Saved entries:
○ ○ ○ ○

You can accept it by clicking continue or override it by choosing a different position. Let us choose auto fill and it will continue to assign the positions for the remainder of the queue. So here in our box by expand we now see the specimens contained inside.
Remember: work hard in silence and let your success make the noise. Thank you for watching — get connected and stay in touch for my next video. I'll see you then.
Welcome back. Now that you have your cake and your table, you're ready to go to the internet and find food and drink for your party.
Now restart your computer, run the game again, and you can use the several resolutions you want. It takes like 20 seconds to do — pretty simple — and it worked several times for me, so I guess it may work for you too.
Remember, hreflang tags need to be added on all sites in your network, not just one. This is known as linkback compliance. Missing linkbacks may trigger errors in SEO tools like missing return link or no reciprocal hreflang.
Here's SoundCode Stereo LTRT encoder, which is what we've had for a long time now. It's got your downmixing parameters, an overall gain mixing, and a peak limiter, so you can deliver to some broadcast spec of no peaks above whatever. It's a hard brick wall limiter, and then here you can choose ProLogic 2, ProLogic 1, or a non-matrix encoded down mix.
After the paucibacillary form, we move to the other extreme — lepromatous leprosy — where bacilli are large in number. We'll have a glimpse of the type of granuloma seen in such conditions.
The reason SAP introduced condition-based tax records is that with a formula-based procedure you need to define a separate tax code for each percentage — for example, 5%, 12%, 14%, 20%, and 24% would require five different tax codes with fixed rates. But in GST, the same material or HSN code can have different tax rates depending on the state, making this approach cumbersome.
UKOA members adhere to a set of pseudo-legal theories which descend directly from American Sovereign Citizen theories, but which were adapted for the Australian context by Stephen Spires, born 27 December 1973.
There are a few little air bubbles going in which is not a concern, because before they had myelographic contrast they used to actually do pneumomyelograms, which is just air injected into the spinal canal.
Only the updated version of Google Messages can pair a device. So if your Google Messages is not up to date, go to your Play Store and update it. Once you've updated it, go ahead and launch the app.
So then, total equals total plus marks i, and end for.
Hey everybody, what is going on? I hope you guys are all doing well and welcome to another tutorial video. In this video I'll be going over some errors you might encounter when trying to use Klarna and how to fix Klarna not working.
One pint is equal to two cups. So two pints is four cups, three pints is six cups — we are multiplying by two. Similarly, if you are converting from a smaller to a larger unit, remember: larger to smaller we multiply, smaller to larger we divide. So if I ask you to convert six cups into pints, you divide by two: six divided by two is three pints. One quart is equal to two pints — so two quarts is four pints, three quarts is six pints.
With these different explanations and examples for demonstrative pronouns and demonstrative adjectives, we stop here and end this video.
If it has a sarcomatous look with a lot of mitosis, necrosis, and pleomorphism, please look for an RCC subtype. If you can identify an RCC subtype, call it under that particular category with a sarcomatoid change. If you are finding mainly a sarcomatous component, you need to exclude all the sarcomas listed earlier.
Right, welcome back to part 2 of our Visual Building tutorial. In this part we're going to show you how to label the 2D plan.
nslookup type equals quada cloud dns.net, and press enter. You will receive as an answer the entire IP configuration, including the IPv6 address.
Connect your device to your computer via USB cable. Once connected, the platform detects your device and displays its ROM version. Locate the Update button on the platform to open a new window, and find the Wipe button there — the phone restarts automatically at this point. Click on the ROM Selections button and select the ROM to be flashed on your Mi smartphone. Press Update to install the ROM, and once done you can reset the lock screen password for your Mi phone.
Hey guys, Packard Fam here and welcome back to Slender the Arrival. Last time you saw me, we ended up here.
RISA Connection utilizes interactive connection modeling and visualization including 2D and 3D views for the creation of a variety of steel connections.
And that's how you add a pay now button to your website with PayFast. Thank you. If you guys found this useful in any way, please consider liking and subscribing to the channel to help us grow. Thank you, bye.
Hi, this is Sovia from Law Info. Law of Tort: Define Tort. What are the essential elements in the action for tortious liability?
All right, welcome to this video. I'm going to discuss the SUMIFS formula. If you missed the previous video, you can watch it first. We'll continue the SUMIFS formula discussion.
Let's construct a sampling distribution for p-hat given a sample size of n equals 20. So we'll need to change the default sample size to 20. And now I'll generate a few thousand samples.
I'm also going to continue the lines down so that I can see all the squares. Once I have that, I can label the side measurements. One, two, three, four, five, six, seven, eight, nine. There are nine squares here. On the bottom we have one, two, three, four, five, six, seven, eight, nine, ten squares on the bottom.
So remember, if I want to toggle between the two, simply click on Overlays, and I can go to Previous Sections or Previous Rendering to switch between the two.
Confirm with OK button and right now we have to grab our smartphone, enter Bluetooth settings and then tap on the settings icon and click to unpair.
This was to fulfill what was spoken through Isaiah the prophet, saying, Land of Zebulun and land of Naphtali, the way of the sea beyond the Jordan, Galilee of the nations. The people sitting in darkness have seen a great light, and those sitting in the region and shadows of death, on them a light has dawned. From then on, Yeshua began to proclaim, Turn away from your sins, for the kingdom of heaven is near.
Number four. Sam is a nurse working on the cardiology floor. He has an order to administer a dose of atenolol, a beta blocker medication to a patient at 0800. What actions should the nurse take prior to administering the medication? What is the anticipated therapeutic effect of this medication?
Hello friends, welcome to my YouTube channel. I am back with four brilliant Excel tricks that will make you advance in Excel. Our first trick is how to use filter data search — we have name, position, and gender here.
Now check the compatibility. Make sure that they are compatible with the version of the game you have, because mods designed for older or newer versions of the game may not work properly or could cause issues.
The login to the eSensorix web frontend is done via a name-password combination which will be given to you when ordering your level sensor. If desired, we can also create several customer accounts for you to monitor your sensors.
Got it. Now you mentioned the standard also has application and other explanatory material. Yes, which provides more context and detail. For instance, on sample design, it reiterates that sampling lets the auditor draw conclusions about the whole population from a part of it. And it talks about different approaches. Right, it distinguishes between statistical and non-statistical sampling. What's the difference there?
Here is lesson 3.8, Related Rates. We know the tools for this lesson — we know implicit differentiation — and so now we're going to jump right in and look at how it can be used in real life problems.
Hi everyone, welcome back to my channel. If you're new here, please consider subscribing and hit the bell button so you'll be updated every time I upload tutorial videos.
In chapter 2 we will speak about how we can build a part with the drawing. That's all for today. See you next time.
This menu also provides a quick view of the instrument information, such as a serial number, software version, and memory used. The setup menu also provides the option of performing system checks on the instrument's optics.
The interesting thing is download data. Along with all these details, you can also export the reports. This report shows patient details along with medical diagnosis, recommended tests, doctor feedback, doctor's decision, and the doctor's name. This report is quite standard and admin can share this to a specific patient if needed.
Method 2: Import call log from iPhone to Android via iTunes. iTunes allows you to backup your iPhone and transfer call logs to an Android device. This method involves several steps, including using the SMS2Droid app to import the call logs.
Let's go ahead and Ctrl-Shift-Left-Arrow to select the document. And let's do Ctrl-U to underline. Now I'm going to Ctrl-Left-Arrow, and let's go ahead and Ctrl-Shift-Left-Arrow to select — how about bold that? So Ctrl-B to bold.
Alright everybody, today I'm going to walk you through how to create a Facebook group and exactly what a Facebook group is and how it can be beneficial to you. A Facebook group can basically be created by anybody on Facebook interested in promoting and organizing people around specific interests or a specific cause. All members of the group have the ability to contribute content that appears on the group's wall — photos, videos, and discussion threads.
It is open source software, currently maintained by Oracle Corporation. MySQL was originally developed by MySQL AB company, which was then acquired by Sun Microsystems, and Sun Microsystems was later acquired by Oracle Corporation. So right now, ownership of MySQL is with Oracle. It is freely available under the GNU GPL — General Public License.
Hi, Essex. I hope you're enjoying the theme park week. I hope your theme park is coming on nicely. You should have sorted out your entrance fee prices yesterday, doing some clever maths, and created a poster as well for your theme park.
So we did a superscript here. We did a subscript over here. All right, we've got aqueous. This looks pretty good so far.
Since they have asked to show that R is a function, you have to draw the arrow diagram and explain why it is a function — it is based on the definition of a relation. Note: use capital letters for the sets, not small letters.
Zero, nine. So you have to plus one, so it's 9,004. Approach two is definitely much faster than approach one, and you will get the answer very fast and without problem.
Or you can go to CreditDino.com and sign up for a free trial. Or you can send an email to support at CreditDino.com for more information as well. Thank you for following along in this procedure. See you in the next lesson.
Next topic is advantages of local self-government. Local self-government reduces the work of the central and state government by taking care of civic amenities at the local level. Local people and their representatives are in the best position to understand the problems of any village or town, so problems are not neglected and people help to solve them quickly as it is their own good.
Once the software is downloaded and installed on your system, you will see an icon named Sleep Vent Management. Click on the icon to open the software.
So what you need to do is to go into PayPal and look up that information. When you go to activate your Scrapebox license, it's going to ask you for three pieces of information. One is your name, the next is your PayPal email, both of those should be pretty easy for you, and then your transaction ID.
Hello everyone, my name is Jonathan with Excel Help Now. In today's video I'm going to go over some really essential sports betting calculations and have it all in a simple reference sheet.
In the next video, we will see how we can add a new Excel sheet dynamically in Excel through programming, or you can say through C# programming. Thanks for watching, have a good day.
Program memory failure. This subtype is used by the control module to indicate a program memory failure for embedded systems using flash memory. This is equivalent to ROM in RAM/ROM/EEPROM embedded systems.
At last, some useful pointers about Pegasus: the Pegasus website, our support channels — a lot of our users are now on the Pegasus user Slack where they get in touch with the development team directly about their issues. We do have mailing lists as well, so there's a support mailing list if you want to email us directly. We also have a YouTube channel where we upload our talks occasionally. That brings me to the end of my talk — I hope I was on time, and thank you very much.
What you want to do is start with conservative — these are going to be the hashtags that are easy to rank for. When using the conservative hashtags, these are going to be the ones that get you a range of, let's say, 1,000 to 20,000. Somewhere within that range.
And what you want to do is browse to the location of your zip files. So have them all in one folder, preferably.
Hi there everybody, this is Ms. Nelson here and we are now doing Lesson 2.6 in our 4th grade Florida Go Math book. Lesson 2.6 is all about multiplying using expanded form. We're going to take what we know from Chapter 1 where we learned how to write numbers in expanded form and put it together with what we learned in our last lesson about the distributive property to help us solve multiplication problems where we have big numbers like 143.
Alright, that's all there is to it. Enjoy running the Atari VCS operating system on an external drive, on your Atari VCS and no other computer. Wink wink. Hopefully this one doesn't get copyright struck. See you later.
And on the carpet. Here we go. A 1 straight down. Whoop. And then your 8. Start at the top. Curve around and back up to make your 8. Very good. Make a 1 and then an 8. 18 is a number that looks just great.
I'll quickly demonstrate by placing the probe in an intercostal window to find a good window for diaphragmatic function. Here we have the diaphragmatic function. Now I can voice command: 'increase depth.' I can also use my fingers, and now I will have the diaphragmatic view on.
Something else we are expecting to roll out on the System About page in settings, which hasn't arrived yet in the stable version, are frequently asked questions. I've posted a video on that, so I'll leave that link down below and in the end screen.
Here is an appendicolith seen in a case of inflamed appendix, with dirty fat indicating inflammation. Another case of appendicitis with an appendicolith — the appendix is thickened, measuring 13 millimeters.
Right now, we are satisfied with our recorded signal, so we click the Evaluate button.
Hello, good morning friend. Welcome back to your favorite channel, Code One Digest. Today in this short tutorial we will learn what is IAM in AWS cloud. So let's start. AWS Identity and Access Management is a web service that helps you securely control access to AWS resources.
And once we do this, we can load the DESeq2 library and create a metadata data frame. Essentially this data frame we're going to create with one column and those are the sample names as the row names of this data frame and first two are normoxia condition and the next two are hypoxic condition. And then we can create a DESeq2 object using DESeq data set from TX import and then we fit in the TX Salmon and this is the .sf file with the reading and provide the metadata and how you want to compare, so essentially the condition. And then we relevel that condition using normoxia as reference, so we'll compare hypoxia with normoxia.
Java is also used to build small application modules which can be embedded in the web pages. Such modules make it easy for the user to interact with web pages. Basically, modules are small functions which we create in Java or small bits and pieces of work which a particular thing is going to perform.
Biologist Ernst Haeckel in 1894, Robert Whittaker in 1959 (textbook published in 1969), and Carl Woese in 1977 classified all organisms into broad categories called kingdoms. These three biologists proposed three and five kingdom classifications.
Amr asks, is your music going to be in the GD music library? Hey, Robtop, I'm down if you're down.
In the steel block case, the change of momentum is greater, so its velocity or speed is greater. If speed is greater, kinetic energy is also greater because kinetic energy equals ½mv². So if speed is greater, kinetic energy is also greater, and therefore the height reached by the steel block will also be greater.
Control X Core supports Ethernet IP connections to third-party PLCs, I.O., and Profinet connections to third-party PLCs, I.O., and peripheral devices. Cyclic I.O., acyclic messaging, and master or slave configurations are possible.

○ ○ ○ ○

▸ **What to work on**
The answer should consist solely of the lines from the first line above through the one with "After the paucibacillary", both included, repeated exactly.

▸ **Response**
You can accept it by clicking continue or override it by choosing a different position. Let us choose auto fill and it will continue to assign the positions for the remainder of the queue. So here in our box by expand we now see the specimens contained inside.
Remember: work hard in silence and let your success make the noise. Thank you for watching — get connected and stay in touch for my next video. I'll see you then.
Welcome back. Now that you have your cake and your table, you're ready to go to the internet and find food and drink for your party.
Now restart your computer, run the game again, and you can use the several resolutions you want. It takes like 20 seconds to do — pretty simple — and it worked several times for me, so I guess it may work for you too.
Remember, hreflang tags need to be added on all sites in your network, not just one. This is known as linkback compliance. Missing linkbacks may trigger errors in SEO tools like missing return link or no reciprocal hreflang.
Here's SoundCode Stereo LTRT encoder, which is what we've had for a long time now. It's got your downmixing parameters, an overall gain mixing, and a peak limiter, so you can deliver to some broadcast spec of no peaks above whatever. It's a hard brick wall limiter, and then here you can choose ProLogic 2, ProLogic 1, or a non-matrix encoded down mix.
After the paucibacillary form, we move to the other extreme — lepromatous leprosy — where bacilli are large in number. We'll have a glimpse of the type of granuloma seen in such conditions.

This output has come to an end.